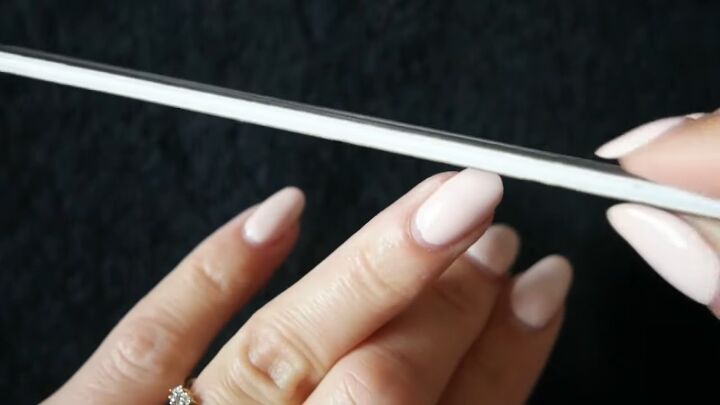 6 easy steps how to shape your nails like a pro, Filing nails
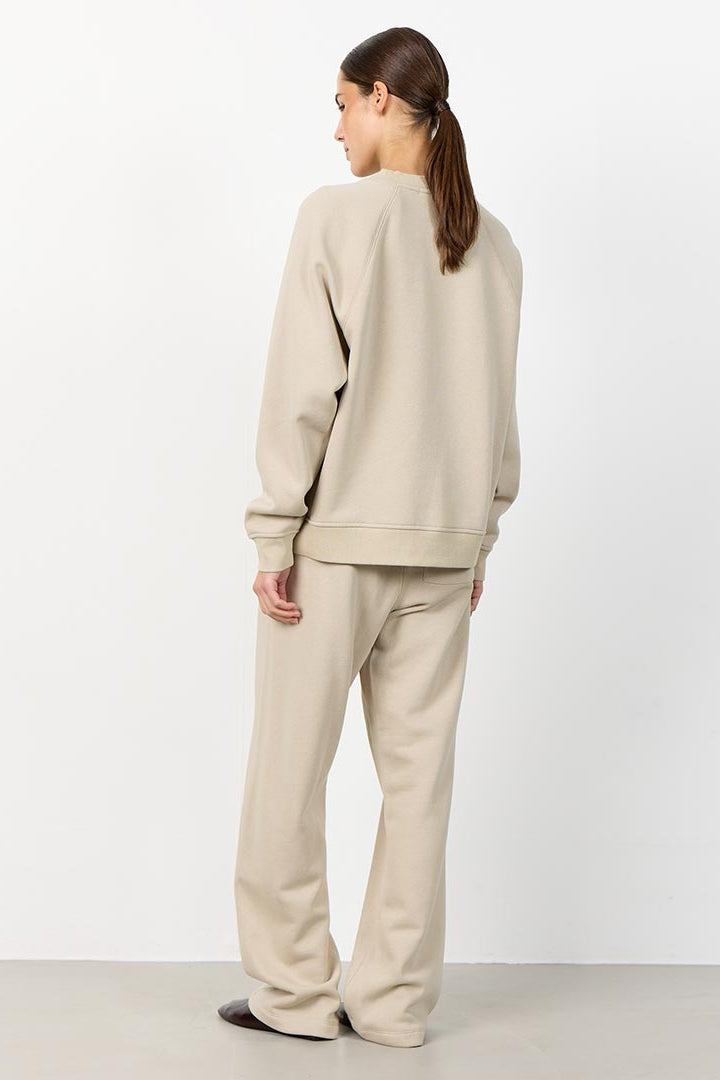 Leveté Room Nuka 15 bukser i island fossil  – sweatpants med elastisk talje og lige ben.
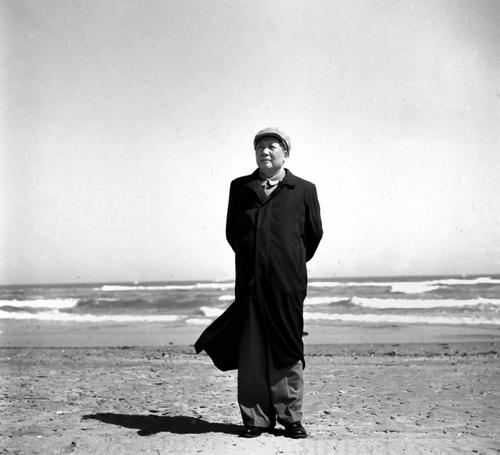 悼念伟人，缅怀历史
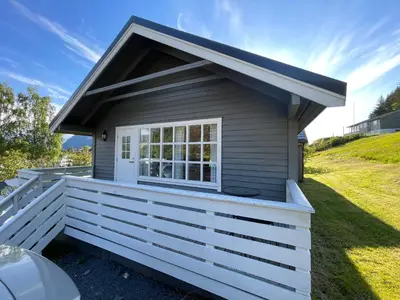 Gallery image of Hytte Nr 1 in Selje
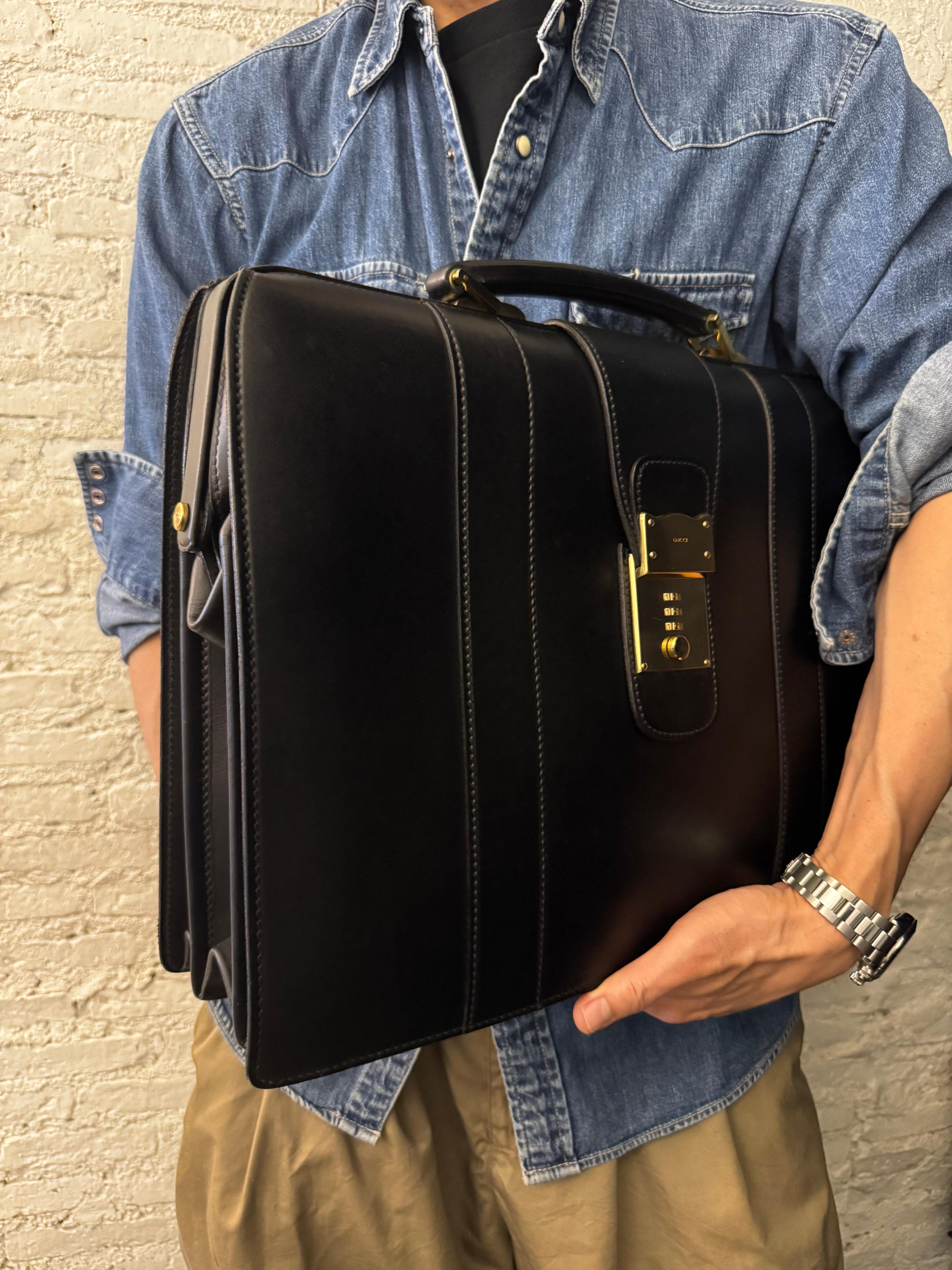 1980s Vintage GUCCI Leather Business Bag Briefcase Attaché Black Calfskin For Sale 1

━━━

THE TASK: Your answer must be the full listing, copied exactly, with no pictures in it.

WORKED SOLUTION:
 6 easy steps how to shape your nails like a pro, Filing nails
 Leveté Room Nuka 15 bukser i island fossil  – sweatpants med elastisk talje og lige ben.
 悼念伟人，缅怀历史
 Gallery image of Hytte Nr 1 in Selje
 1980s Vintage GUCCI Leather Business Bag Briefcase Attaché Black Calfskin For Sale 1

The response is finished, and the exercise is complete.